**Brief**
Look for the line with "DressBerry Women Pink" in the entries below, then extract that line and all lines after it exactly, with pictures left out.

**Records shown**
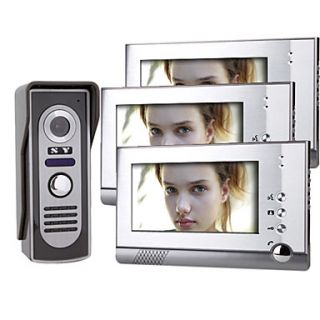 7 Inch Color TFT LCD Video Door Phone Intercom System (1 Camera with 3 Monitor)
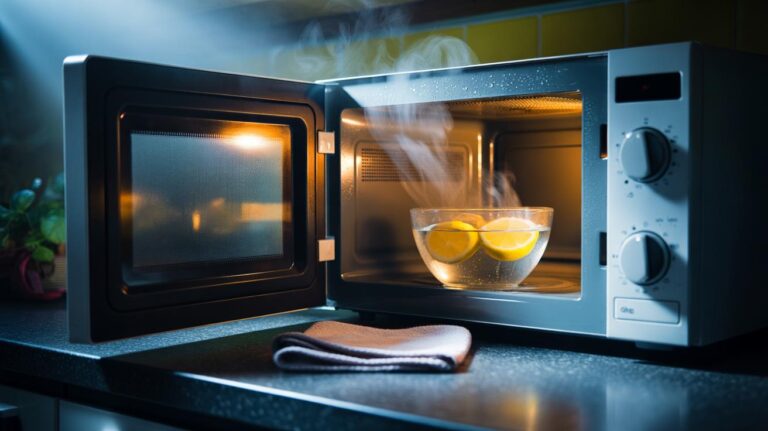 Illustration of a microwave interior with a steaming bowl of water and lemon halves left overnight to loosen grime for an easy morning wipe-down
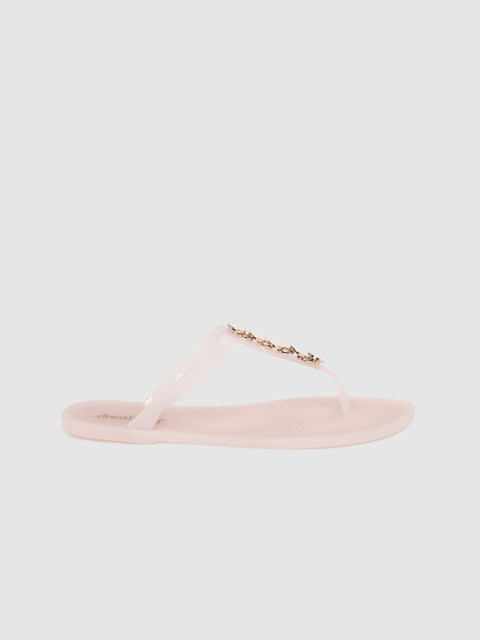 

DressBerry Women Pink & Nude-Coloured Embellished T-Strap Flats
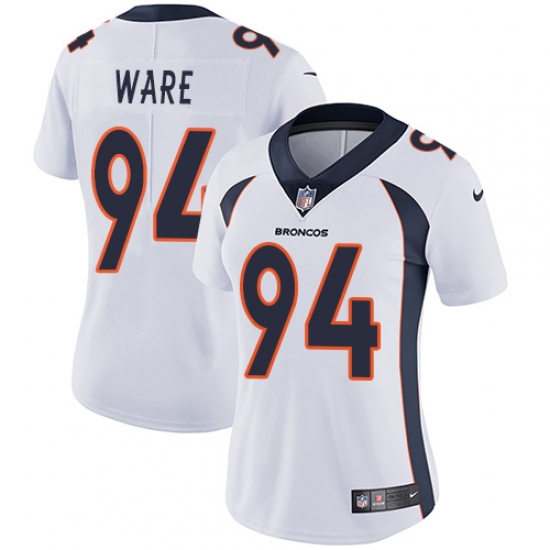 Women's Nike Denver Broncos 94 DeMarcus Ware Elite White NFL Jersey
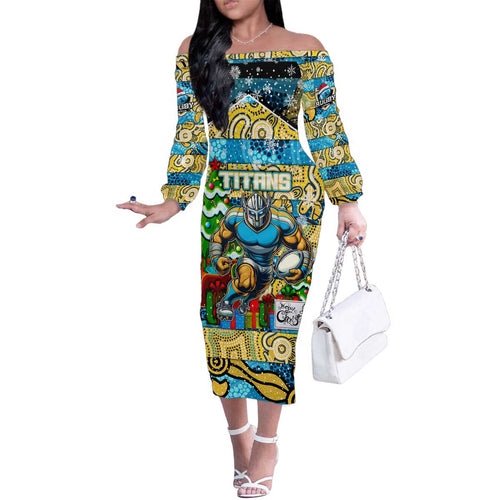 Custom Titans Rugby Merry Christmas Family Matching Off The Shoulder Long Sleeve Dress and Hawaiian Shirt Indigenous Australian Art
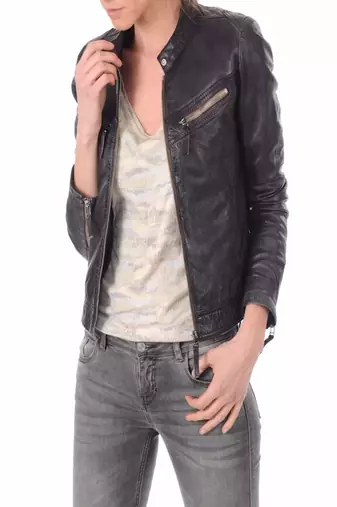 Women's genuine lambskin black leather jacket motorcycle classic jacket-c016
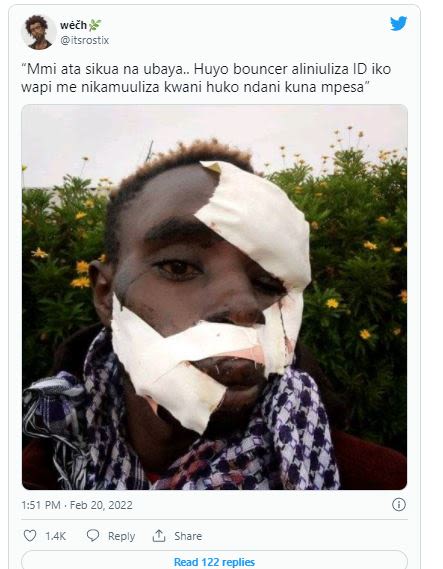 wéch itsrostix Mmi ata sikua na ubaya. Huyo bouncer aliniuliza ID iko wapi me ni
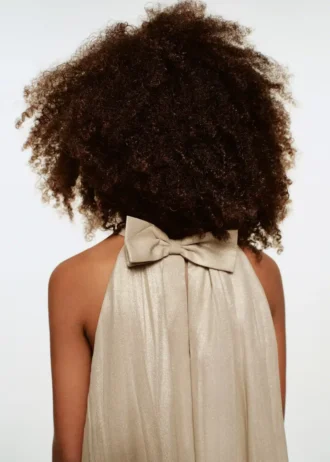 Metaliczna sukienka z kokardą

**Task answer**
DressBerry Women Pink & Nude-Coloured Embellished T-Strap Flats
 Women's Nike Denver Broncos 94 DeMarcus Ware Elite White NFL Jersey
 Custom Titans Rugby Merry Christmas Family Matching Off The Shoulder Long Sleeve Dress and Hawaiian Shirt Indigenous Australian Art
 Women's genuine lambskin black leather jacket motorcycle classic jacket-c016
 wéch itsrostix Mmi ata sikua na ubaya. Huyo bouncer aliniuliza ID iko wapi me ni
 Metaliczna sukienka z kokardą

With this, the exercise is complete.